_Data_
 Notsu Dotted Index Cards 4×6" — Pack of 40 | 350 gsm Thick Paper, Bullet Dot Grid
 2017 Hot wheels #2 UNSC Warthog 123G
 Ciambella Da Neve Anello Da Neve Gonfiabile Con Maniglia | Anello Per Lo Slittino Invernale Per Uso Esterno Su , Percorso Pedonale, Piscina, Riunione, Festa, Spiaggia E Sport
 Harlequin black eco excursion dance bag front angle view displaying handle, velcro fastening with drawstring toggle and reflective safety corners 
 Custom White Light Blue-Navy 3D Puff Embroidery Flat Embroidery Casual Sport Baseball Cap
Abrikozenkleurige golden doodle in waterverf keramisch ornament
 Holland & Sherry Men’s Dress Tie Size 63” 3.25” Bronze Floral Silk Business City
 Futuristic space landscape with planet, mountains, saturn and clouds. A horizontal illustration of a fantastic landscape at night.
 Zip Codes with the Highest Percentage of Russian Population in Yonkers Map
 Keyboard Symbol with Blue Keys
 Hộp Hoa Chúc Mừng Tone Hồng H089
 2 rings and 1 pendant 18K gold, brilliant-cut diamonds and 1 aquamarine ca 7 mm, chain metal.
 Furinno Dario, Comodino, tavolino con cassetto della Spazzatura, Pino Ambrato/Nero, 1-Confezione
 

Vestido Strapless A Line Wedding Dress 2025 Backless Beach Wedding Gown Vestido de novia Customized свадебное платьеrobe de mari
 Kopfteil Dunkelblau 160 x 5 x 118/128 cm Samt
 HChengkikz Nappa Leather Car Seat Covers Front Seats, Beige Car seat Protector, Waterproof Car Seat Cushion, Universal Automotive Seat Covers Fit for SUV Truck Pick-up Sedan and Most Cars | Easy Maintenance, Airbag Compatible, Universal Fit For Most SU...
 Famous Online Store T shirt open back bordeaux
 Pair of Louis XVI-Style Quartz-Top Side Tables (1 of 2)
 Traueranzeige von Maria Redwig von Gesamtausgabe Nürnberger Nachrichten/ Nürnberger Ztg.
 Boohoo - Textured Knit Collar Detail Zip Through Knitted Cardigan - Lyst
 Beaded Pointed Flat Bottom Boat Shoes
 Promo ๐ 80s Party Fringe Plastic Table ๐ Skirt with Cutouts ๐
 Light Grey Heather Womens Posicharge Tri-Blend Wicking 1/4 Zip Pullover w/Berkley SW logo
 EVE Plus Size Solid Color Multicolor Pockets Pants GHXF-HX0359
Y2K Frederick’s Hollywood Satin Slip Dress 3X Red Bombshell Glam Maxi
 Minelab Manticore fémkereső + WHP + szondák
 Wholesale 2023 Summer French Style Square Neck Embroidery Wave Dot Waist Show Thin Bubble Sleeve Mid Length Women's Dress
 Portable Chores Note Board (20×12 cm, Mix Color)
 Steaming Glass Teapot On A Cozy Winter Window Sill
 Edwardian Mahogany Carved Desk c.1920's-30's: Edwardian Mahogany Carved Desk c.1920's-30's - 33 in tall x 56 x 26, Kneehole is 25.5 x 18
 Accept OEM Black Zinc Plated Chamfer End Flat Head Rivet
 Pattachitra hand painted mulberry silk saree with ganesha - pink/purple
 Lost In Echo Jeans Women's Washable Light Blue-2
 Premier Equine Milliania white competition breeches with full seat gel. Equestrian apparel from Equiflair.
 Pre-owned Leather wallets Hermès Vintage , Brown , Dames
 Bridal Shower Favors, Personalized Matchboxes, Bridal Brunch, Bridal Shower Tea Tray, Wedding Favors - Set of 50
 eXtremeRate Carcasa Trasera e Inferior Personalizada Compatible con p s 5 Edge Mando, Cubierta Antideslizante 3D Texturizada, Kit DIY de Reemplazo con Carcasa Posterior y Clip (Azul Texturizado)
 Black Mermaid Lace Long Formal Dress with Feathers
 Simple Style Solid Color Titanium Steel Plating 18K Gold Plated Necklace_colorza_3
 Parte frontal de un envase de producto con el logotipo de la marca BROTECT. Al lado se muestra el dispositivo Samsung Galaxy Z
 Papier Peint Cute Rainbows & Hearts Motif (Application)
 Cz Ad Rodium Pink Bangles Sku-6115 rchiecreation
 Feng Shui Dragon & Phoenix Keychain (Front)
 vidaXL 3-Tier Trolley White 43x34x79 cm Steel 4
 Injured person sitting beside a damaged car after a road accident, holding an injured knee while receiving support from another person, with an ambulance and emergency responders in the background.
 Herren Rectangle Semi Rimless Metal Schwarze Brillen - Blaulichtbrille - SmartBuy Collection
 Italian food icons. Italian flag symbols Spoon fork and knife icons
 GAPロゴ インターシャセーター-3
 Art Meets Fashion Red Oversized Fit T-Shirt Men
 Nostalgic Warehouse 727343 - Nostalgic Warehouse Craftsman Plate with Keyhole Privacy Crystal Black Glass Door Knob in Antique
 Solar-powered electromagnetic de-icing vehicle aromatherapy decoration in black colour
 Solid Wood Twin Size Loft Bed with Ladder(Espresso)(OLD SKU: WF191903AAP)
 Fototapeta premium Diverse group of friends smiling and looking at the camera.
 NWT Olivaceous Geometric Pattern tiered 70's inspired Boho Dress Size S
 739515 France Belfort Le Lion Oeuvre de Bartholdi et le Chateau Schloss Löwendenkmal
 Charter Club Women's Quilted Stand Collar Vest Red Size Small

_What is required_
Having found the line with "Simple Style Solid", transcribe it and each line after it to the end of the entries, with no other lines.

_Reply_
 Simple Style Solid Color Titanium Steel Plating 18K Gold Plated Necklace_colorza_3
 Parte frontal de un envase de producto con el logotipo de la marca BROTECT. Al lado se muestra el dispositivo Samsung Galaxy Z
 Papier Peint Cute Rainbows & Hearts Motif (Application)
 Cz Ad Rodium Pink Bangles Sku-6115 rchiecreation
 Feng Shui Dragon & Phoenix Keychain (Front)
 vidaXL 3-Tier Trolley White 43x34x79 cm Steel 4
 Injured person sitting beside a damaged car after a road accident, holding an injured knee while receiving support from another person, with an ambulance and emergency responders in the background.
 Herren Rectangle Semi Rimless Metal Schwarze Brillen - Blaulichtbrille - SmartBuy Collection
 Italian food icons. Italian flag symbols Spoon fork and knife icons
 GAPロゴ インターシャセーター-3
 Art Meets Fashion Red Oversized Fit T-Shirt Men
 Nostalgic Warehouse 727343 - Nostalgic Warehouse Craftsman Plate with Keyhole Privacy Crystal Black Glass Door Knob in Antique
 Solar-powered electromagnetic de-icing vehicle aromatherapy decoration in black colour
 Solid Wood Twin Size Loft Bed with Ladder(Espresso)(OLD SKU: WF191903AAP)
 Fototapeta premium Diverse group of friends smiling and looking at the camera.
 NWT Olivaceous Geometric Pattern tiered 70's inspired Boho Dress Size S
 739515 France Belfort Le Lion Oeuvre de Bartholdi et le Chateau Schloss Löwendenkmal
 Charter Club Women's Quilted Stand Collar Vest Red Size Small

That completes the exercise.